# Data provided
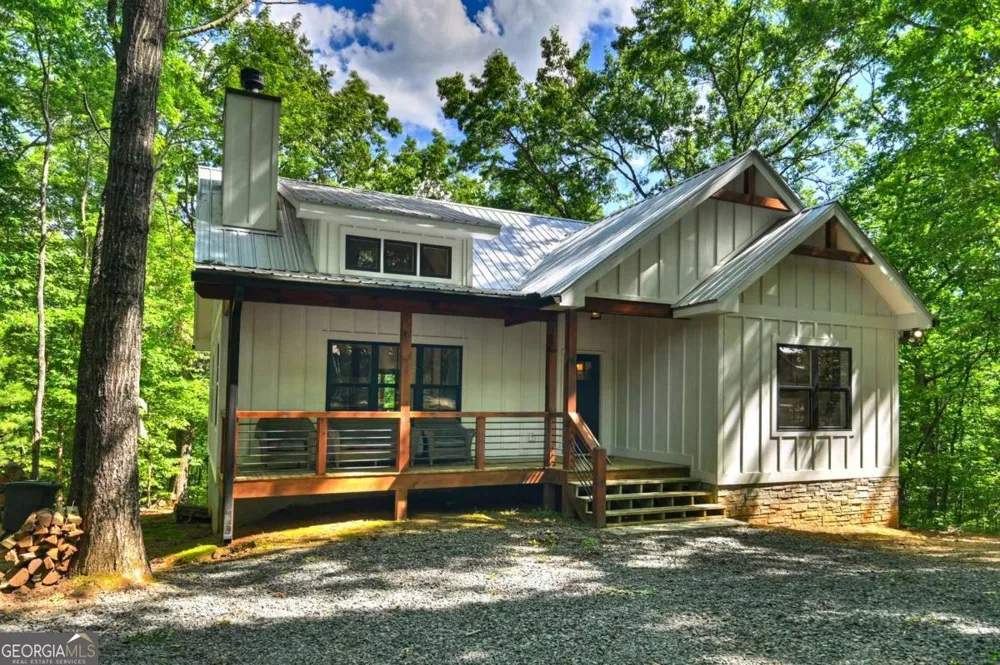 285 Pine Terrace CIR Blue Ridge, GA 30513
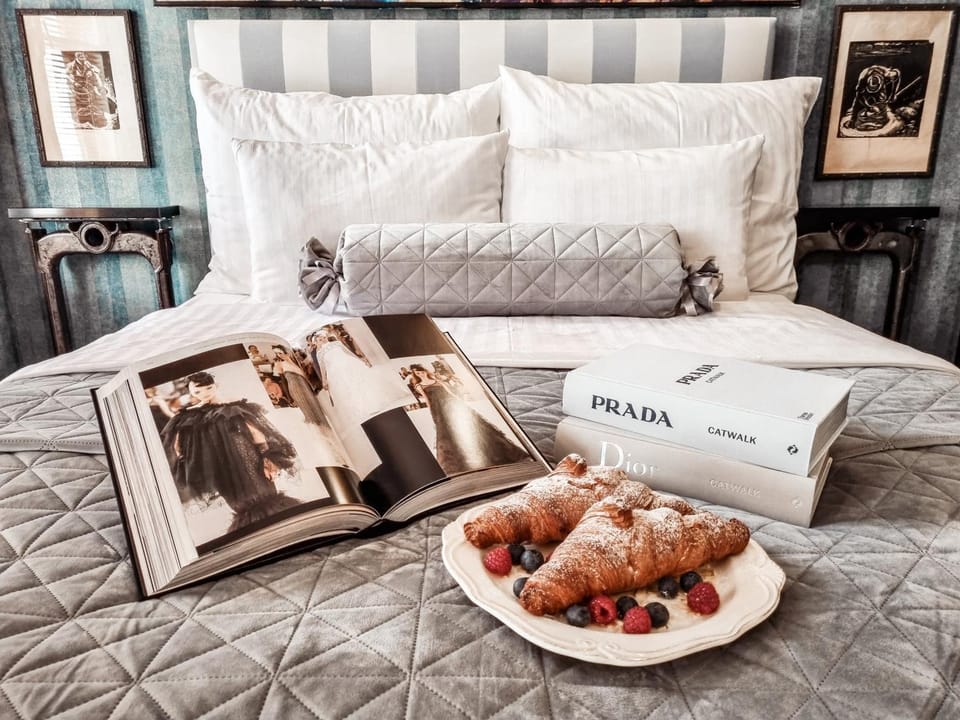 Food and drinks, Photo of the whole room, Seating area, Bedroom, Food, Breakfast
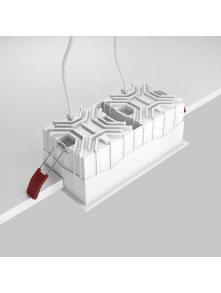 Oprawa wpuszczana LED Alfa – prostokątna, podwójna, 15W, 3000K, kąt 36°, biała z czarnymi wnękami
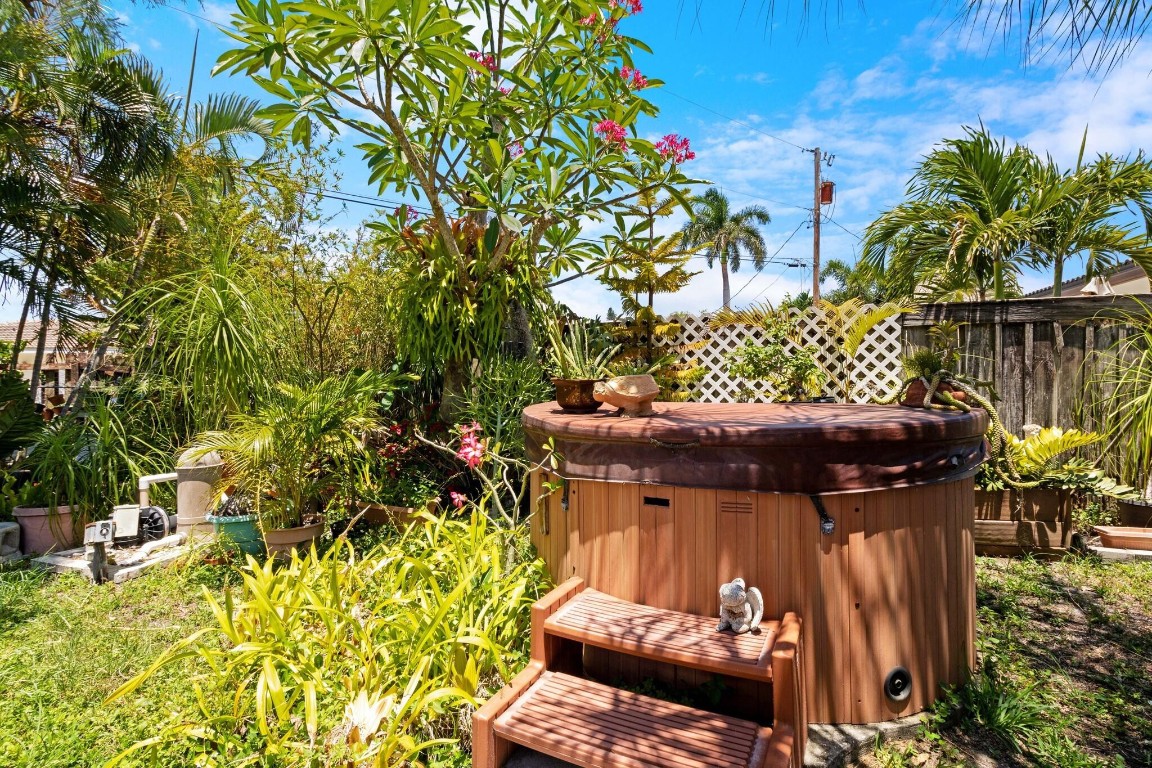 Coral Ridge Isles 45-47 B - Residential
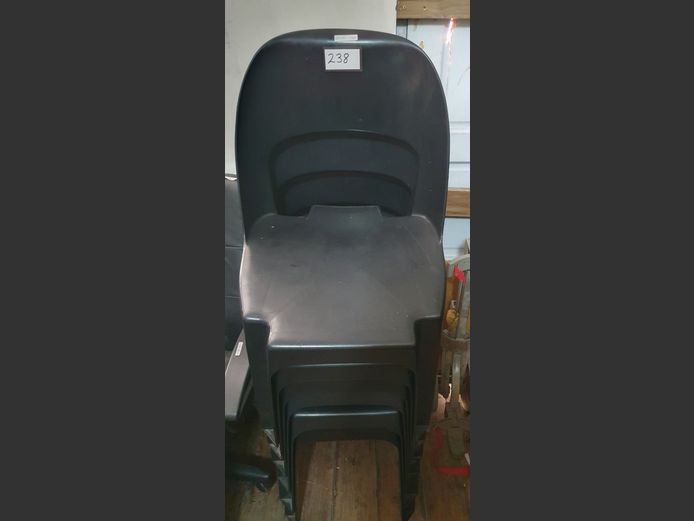 SET OF 6 BLACK PLASTIC PATIO CHAIRS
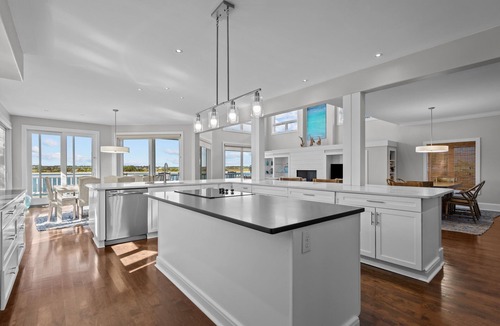 South End House | Aquarium #159 - Soundfront Home on Wrightsville Beach w/Private Dock!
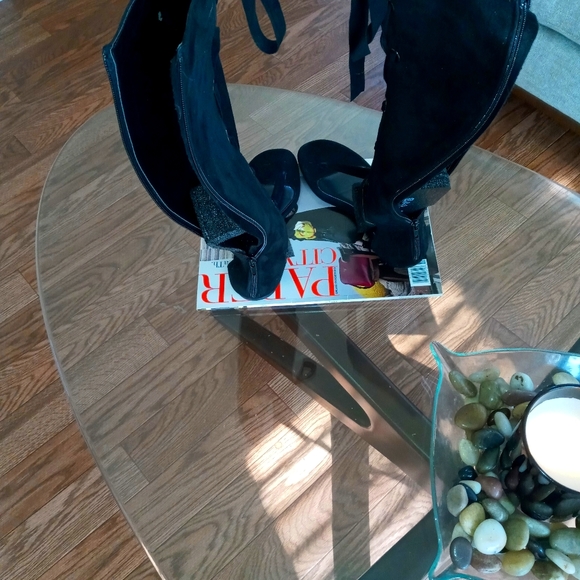 Shoes - Picture 4 of 4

# Task brief
Could you return each line, unchanged, from the line containing "Food and drinks, Photo" through the last line of the entries above, leaving out the pictures?

# Answer
 Food and drinks, Photo of the whole room, Seating area, Bedroom, Food, Breakfast
 Oprawa wpuszczana LED Alfa – prostokątna, podwójna, 15W, 3000K, kąt 36°, biała z czarnymi wnękami
 Coral Ridge Isles 45-47 B - Residential
 SET OF 6 BLACK PLASTIC PATIO CHAIRS
 South End House | Aquarium #159 - Soundfront Home on Wrightsville Beach w/Private Dock!
 Shoes - Picture 4 of 4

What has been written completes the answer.